- _Aim of the task_:
Each line below from the "Tiny photo for" line through the "377 S Harrison" line, those two included, must be restated word for word; the pictures must not be.

[Scraped caption text data]
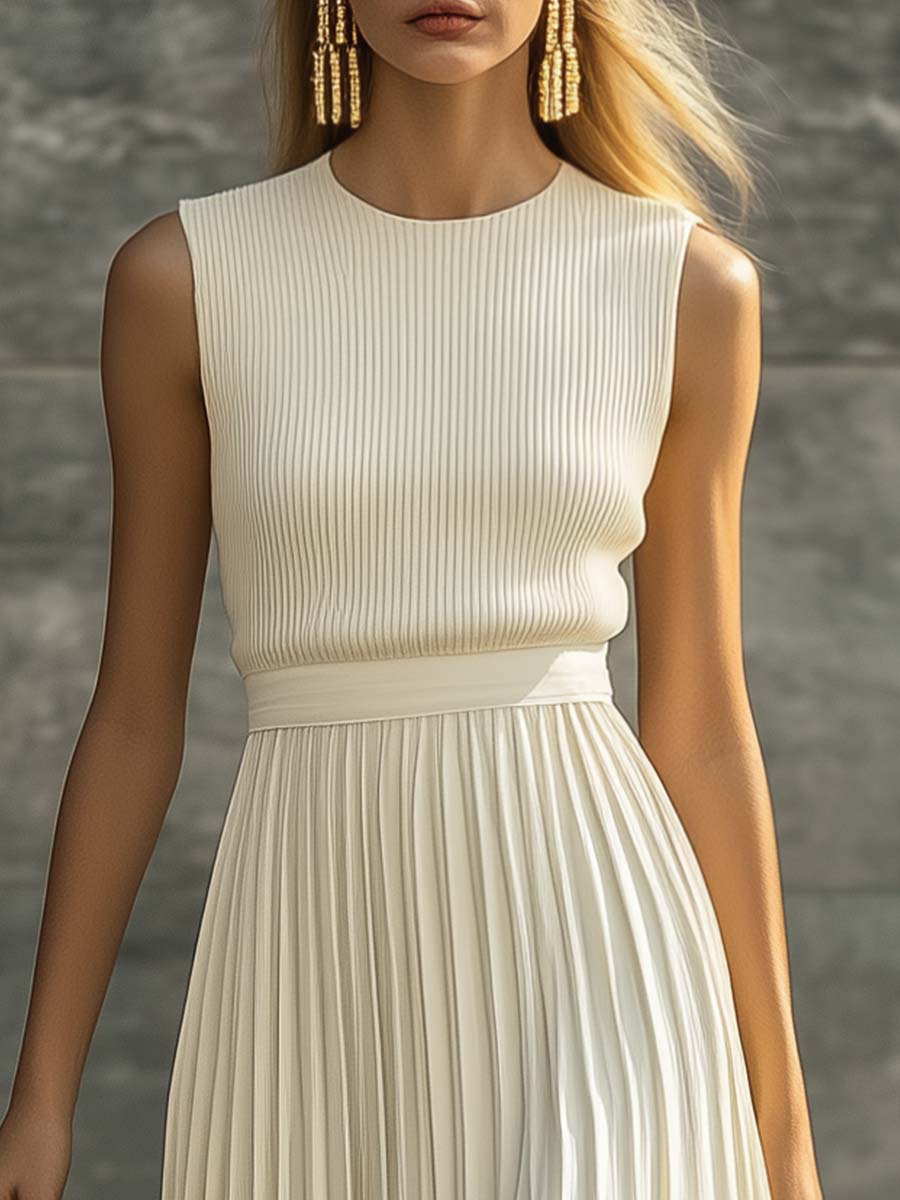 Elise | Elegant Sleeveless Pleated A-Line Maxi Dress
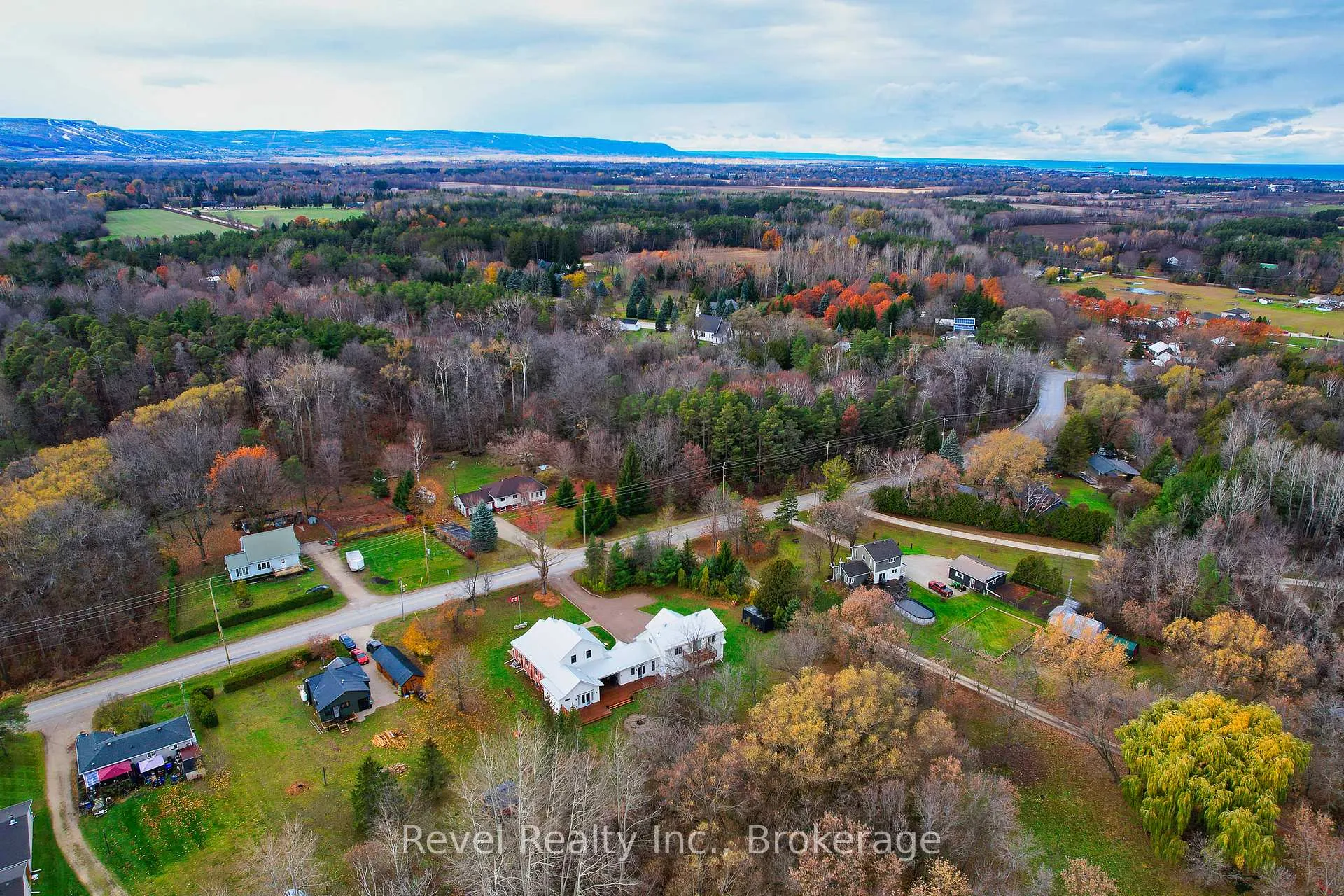 Photo 39 of 2331 N Nottawasaga 6 Concession, Clearview, Batteaux — HOMEH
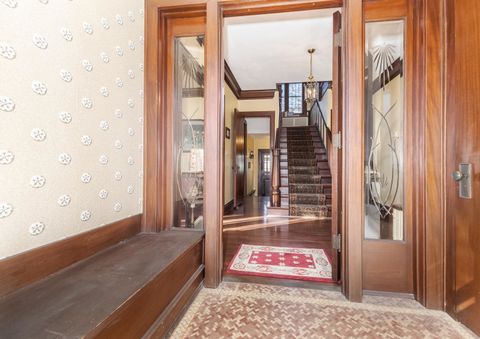 Tiny photo for 1926 E Oakland Avenue, Bloomington, IL 61701 (MLS # 12570329)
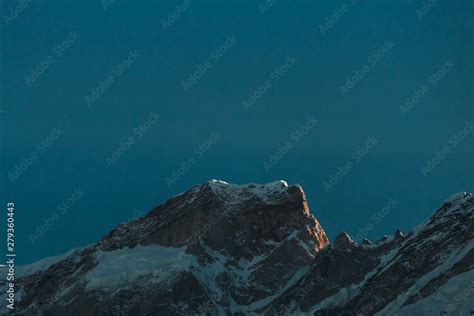 View of the snow covered mountains as seen from the Kedarnath Temple in ...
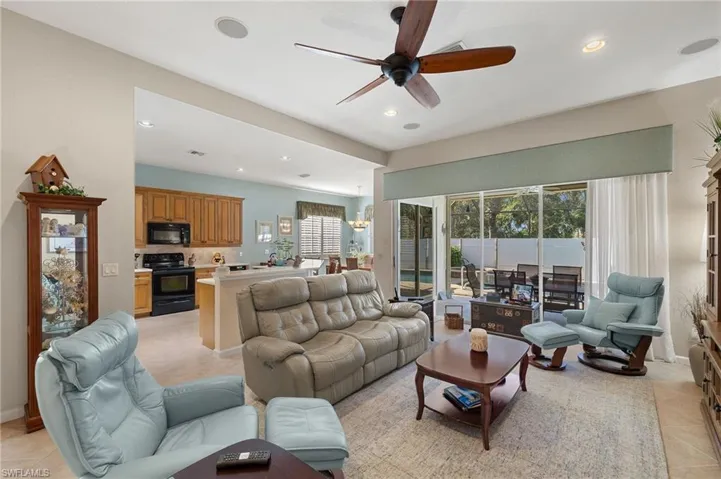 8872 King Henry Ct, Fort Myers, Florida 33908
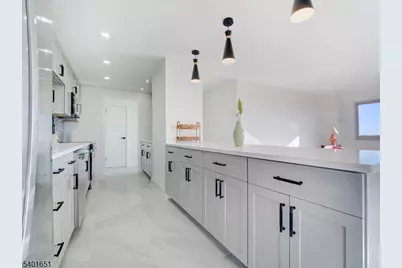 377 S Harrison St #9L, East Orange, NJ 07018 - Photo 1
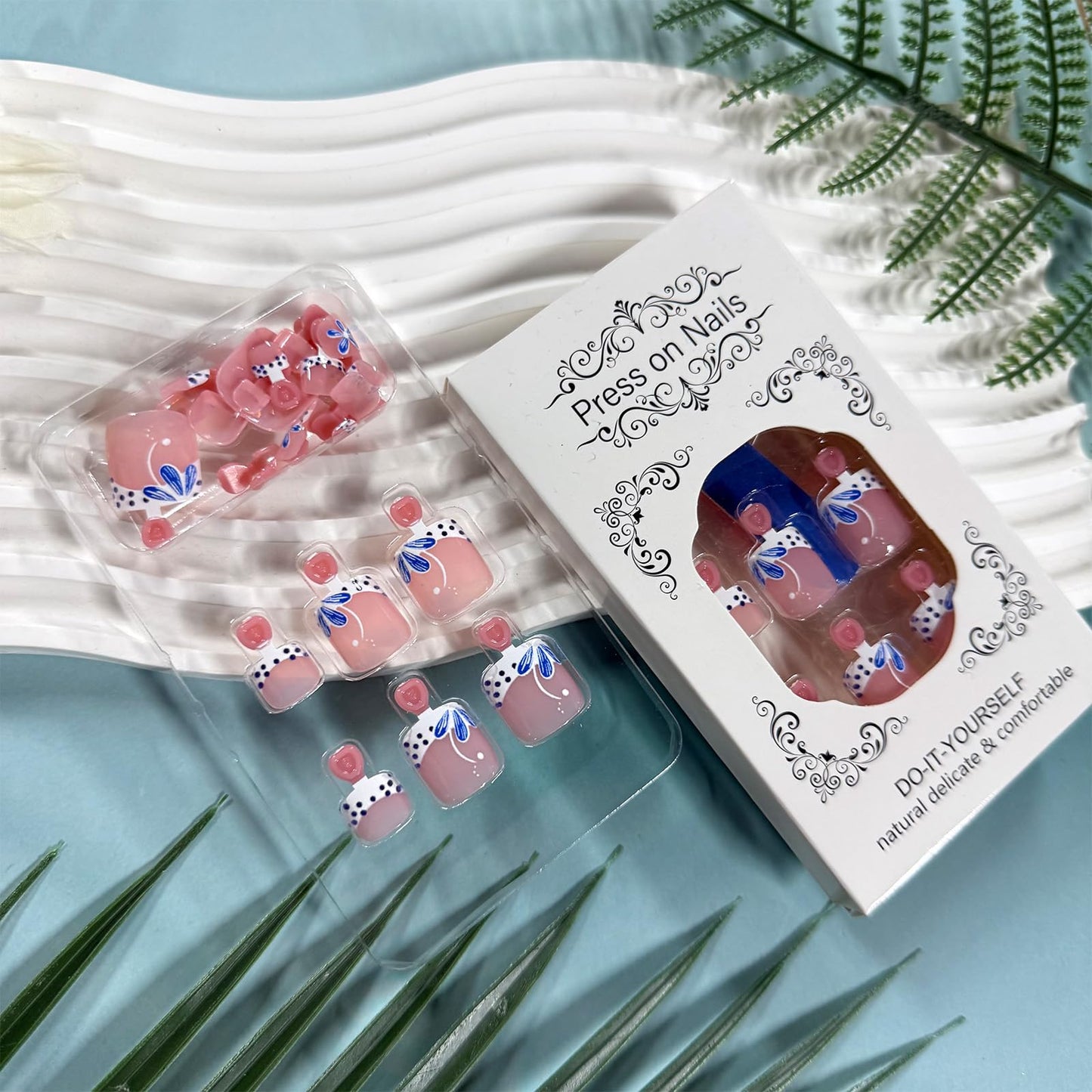 Polka Dot French Tip Press on Toenails Short Square Fake Toenails Blue Flower Toe Nail Press ons Reusable Acrylic Stick on Toes Summer Nails for Women Daily Vacation Manicure 24Pcs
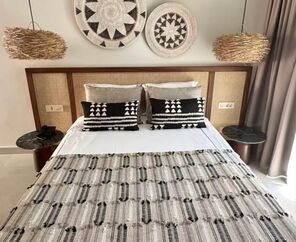 The Norm Collection Door'a  5*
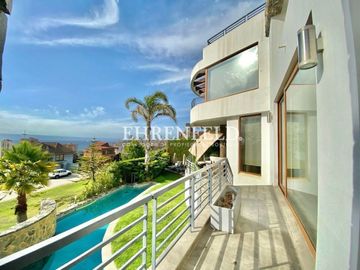 Jardín del Mar, Reñaca. Casa con vista panorámica  de  759 m2.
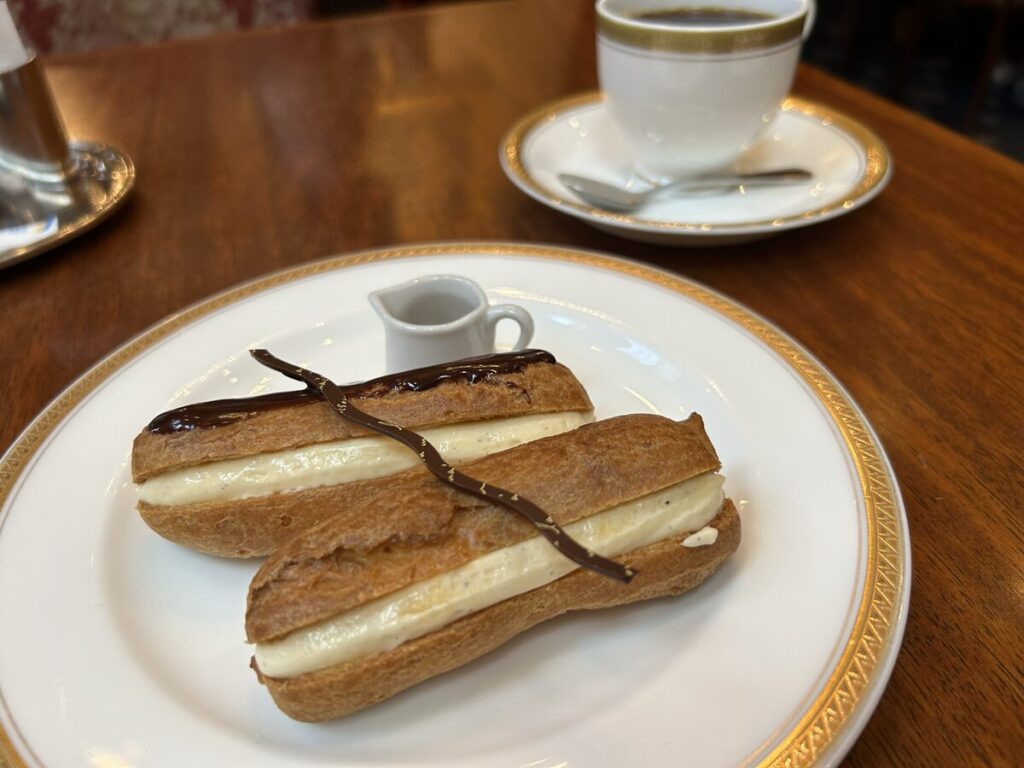エクレアとコーヒー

- _Reply to the task_:
 Tiny photo for 1926 E Oakland Avenue, Bloomington, IL 61701 (MLS # 12570329)
 View of the snow covered mountains as seen from the Kedarnath Temple in ...
 8872 King Henry Ct, Fort Myers, Florida 33908
 377 S Harrison St #9L, East Orange, NJ 07018 - Photo 1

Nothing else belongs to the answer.